THE BELGIAN air force has completed pre-production testing of the Dassault-built Carapace threat-warning system. Delivery of the first sets for installation on Lockheed F-16A/Bs, starting with No 2 Wing at Florennes, will start by the second quarter of the year.

In all, 100 aircraft are to be equipped by the end of 1996. The Bfr7.5 billion ($225 million) programme will be completed at a rate of one aircraft a week. Belgian F-16s have been flown for 14 years without electronic-counter-measures (ECM) protection.

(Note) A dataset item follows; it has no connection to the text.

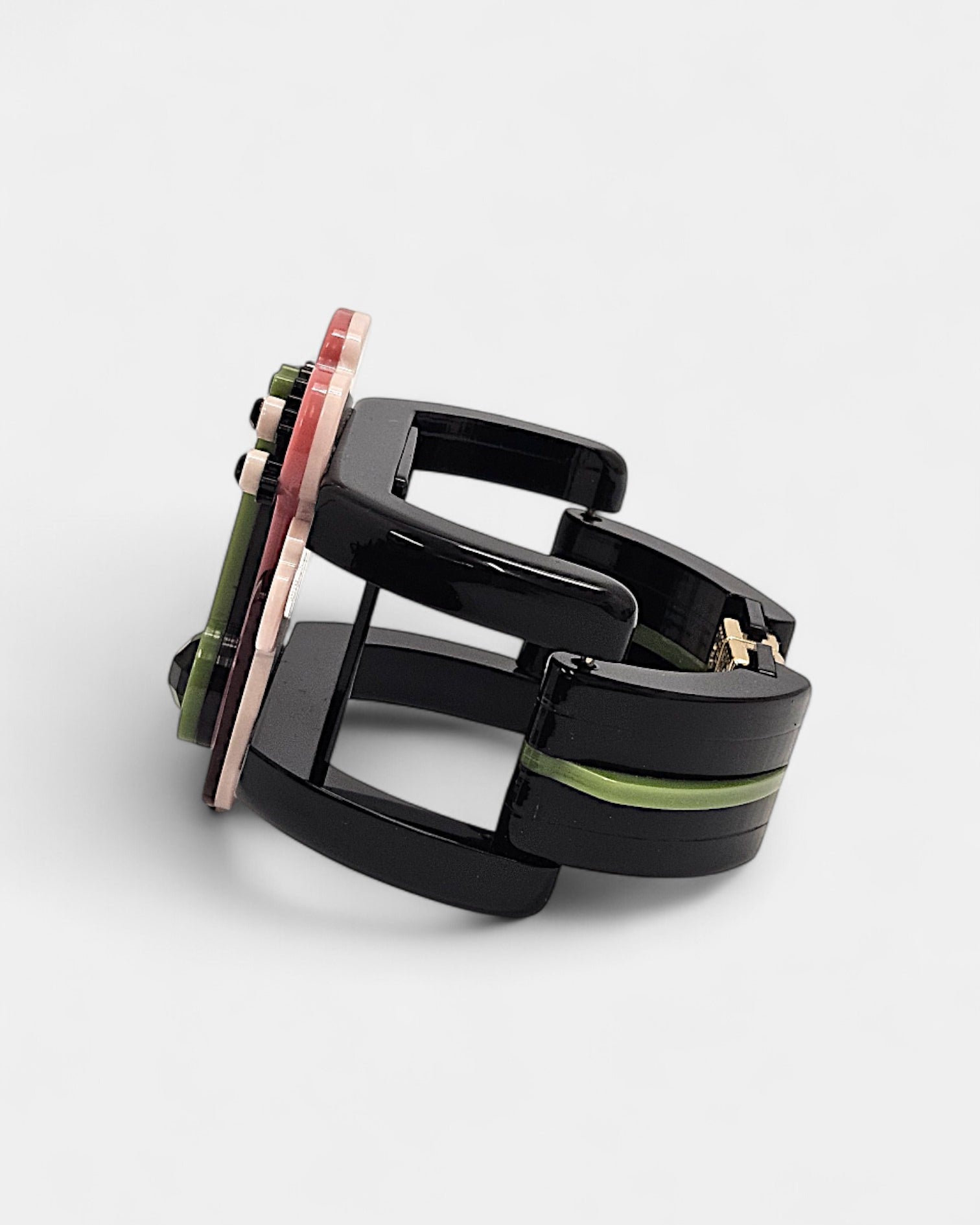 Brazalete Art Déco floral en resina rosa y negro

Air force Chief of Staff, Lt. Gen. Guido Van Hecke, says: "It took us some time and it may look a temporary solution. But, at last, we have something."

Originally, 135 systems were ordered in 1988. Since then, the air force has suffered cutbacks and the Belgian Government is now talking to Dassault to find a way out of the order for the remaining 35 units.

While passive Carapace ECM is being installed, an active system, still under development, may be added later. As a temporary measure, active ECM capability will be provided through a Bfr250 million scheme to acquire 25 ex-US Air Force ALQ 131 pods. The Belgian aircraft already have the Tracor ALE-40 chaff dispenser.

Funds to acquire ALQ 131s have not yet been freed, although static tests with the Carapace/ALQ 131 combination have shown them to be able to work without mutual interference.

Around 80% of the work on Carapace work, worth Bfr4.5 billion, will be undertaken locally as part of an offset agreement between Belgium and France.